*** Data listing ***

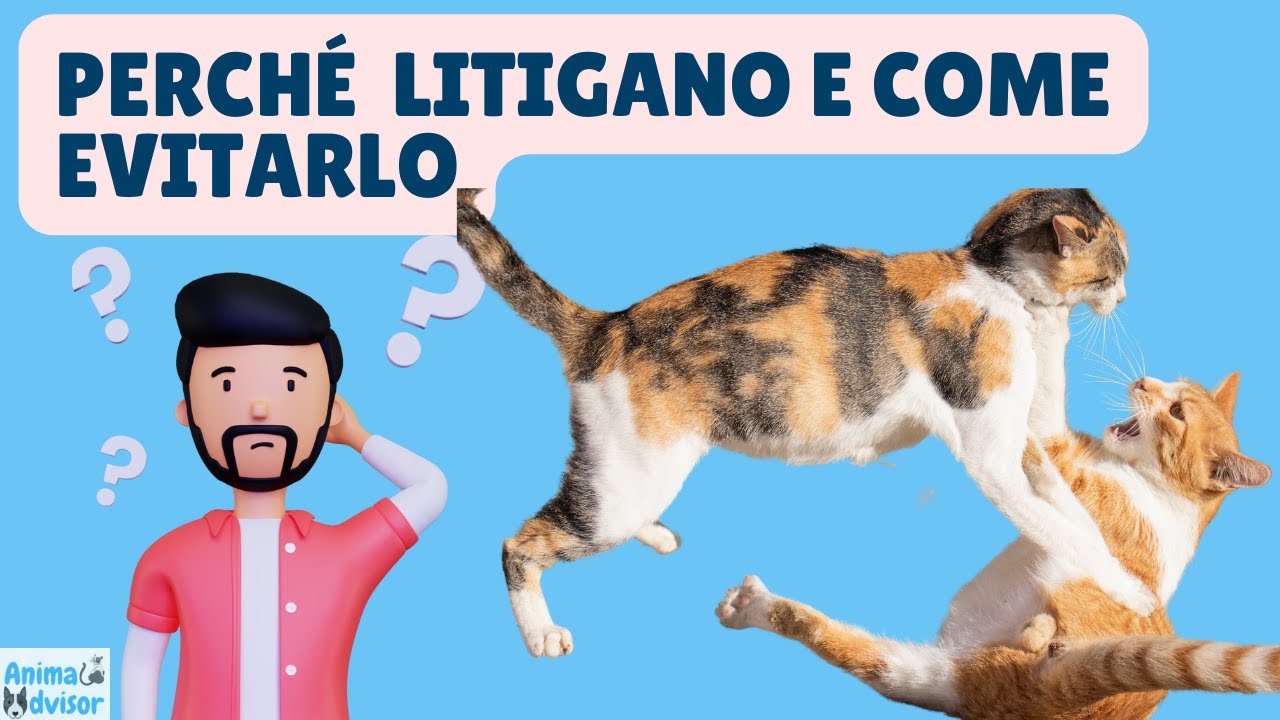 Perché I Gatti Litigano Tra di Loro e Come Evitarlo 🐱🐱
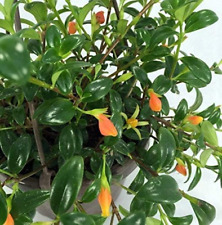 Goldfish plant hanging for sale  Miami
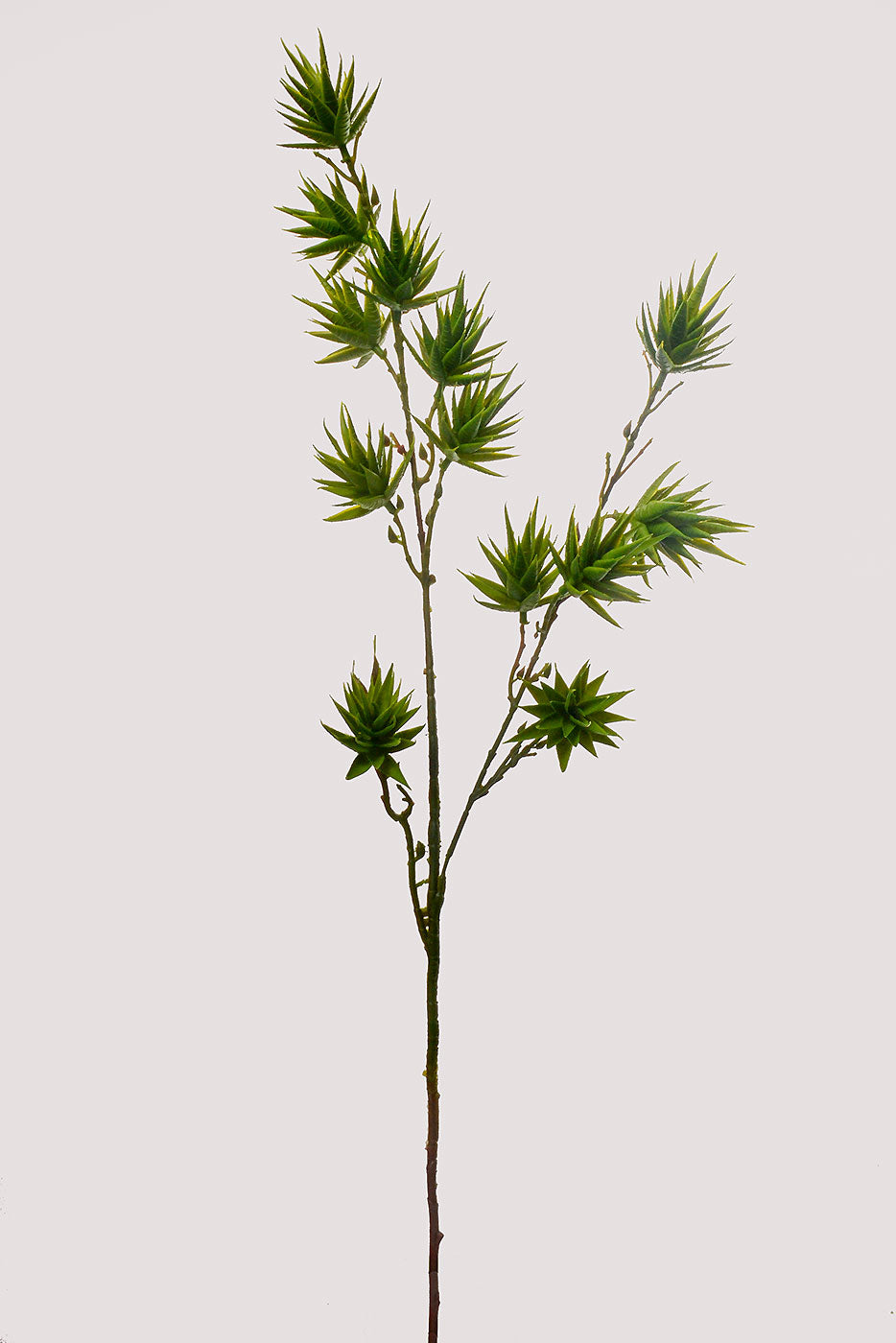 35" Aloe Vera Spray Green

***
*** Data listing ***

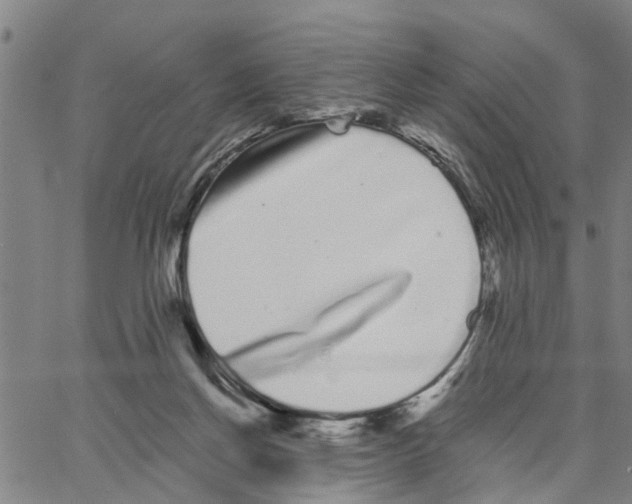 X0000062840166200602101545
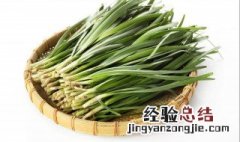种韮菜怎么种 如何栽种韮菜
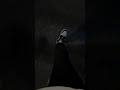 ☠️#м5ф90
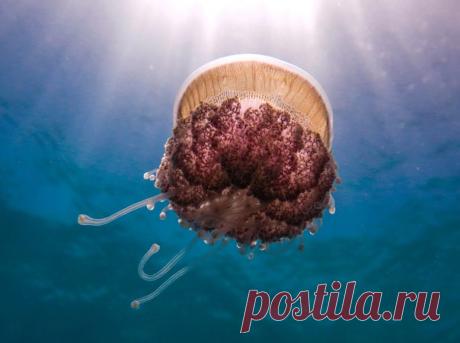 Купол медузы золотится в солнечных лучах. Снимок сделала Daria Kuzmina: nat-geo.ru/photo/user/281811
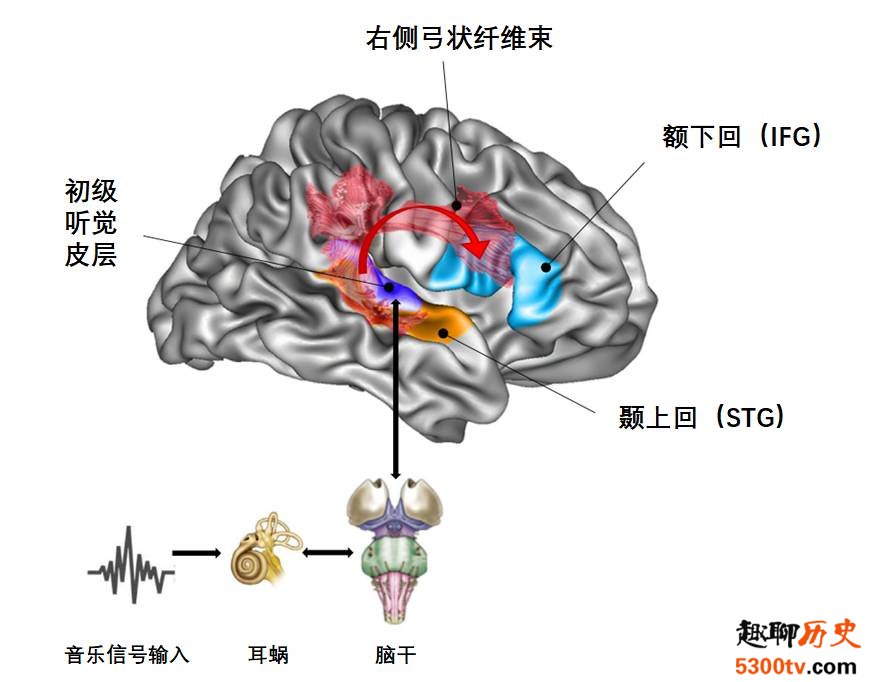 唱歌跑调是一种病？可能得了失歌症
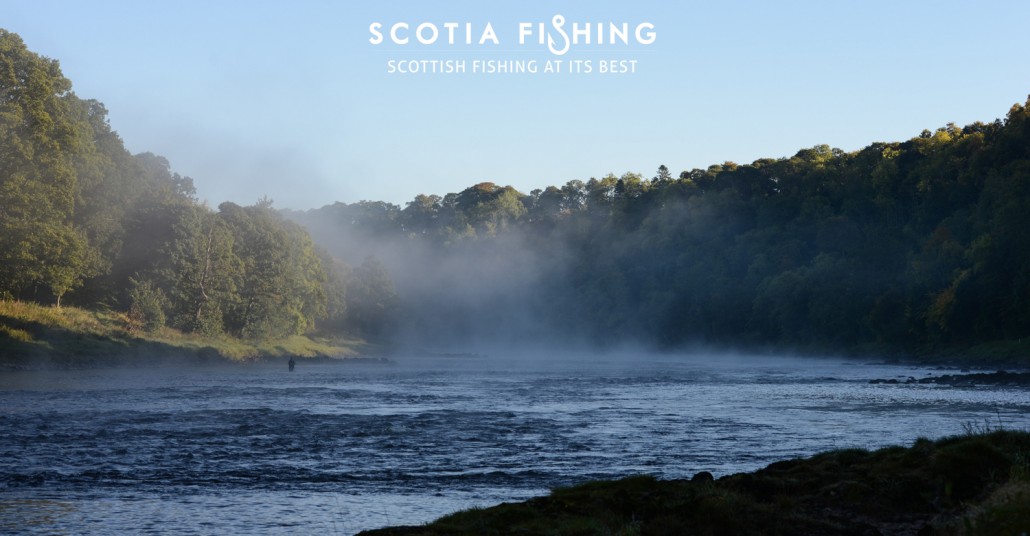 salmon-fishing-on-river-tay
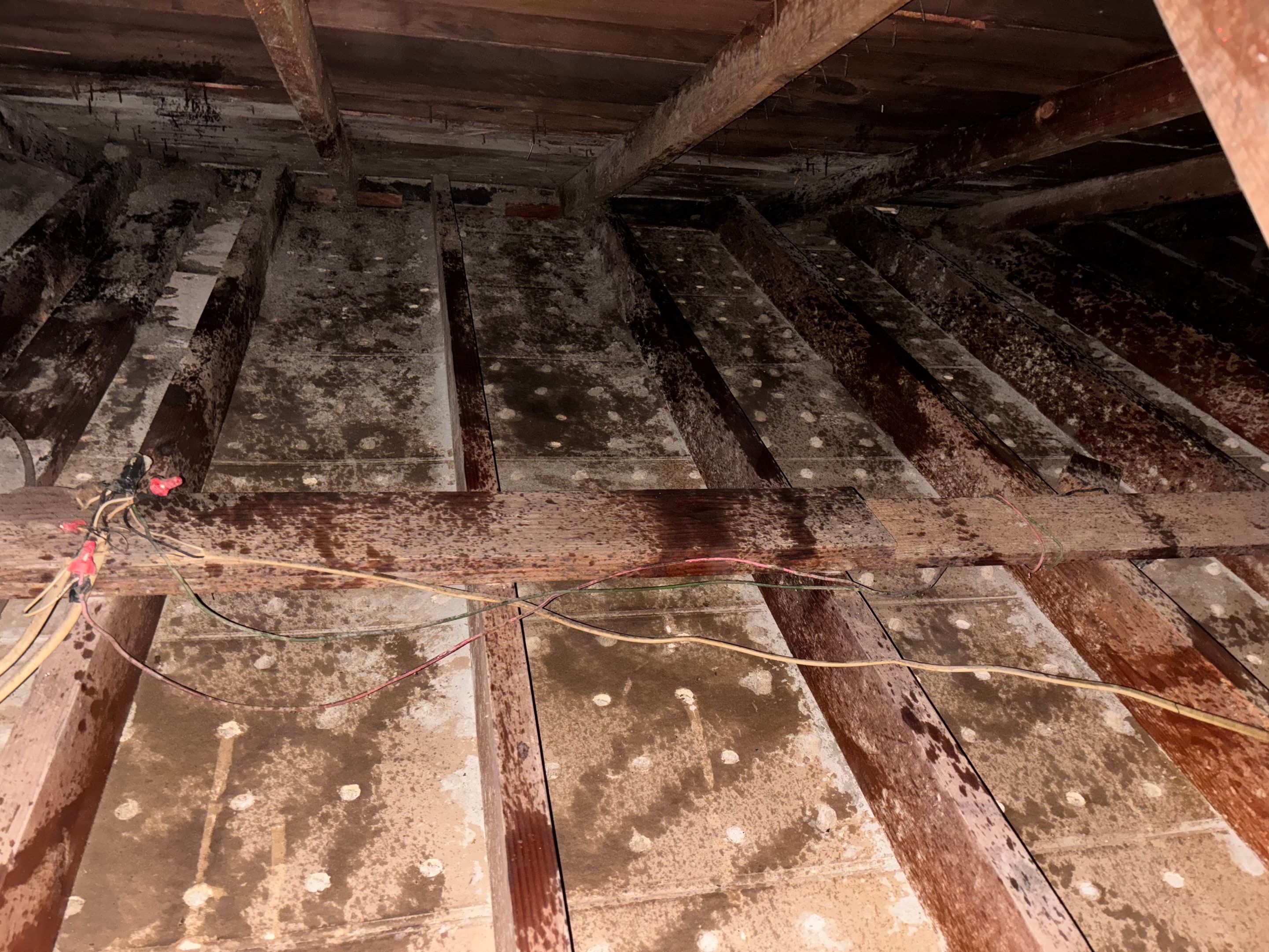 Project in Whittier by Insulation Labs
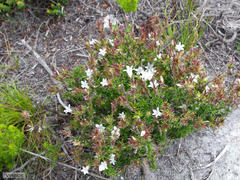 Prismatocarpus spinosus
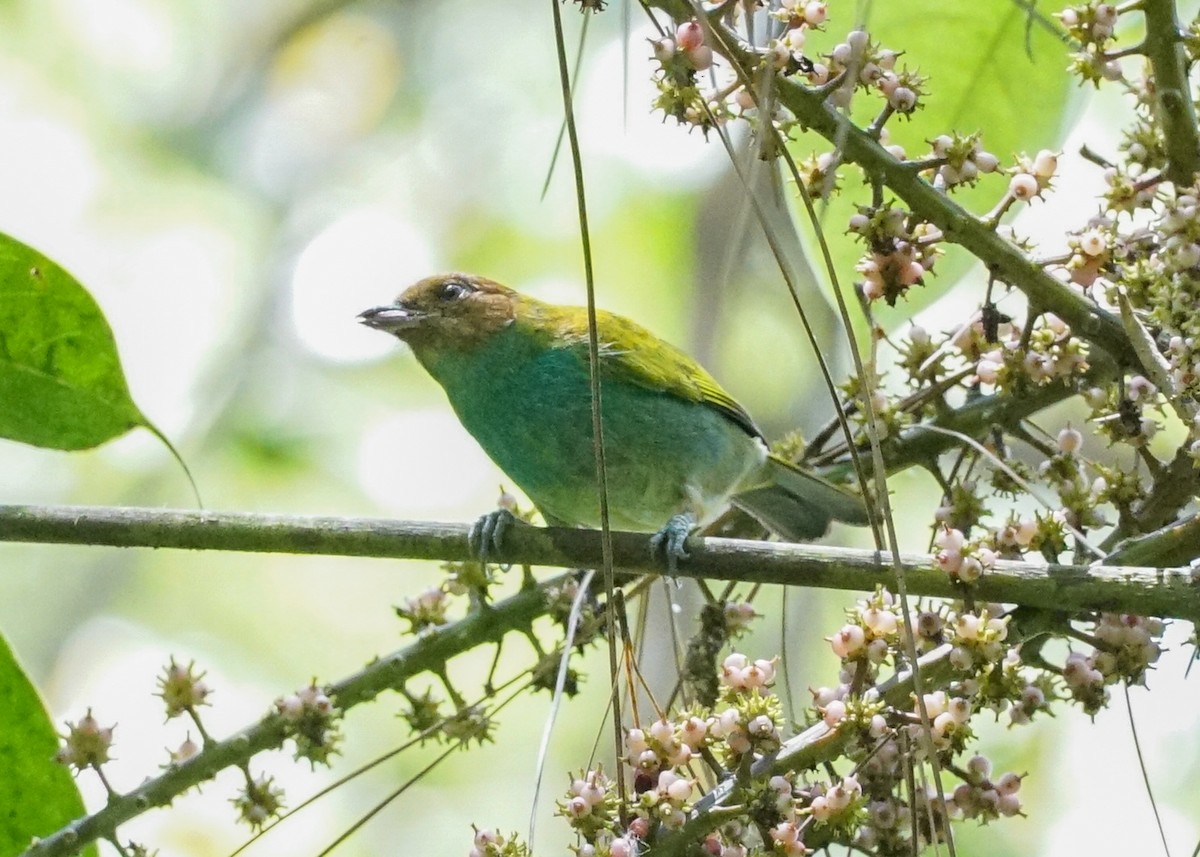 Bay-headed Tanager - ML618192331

***

- **Task item**:
The stretch to restate runs from the line above containing "Goldfish plant hanging" through the line containing "Vera Spray Green". Copy it word for word, ends included, without pictures.

- **Answer to this problem**:
 Goldfish plant hanging for sale  Miami
 35" Aloe Vera Spray Green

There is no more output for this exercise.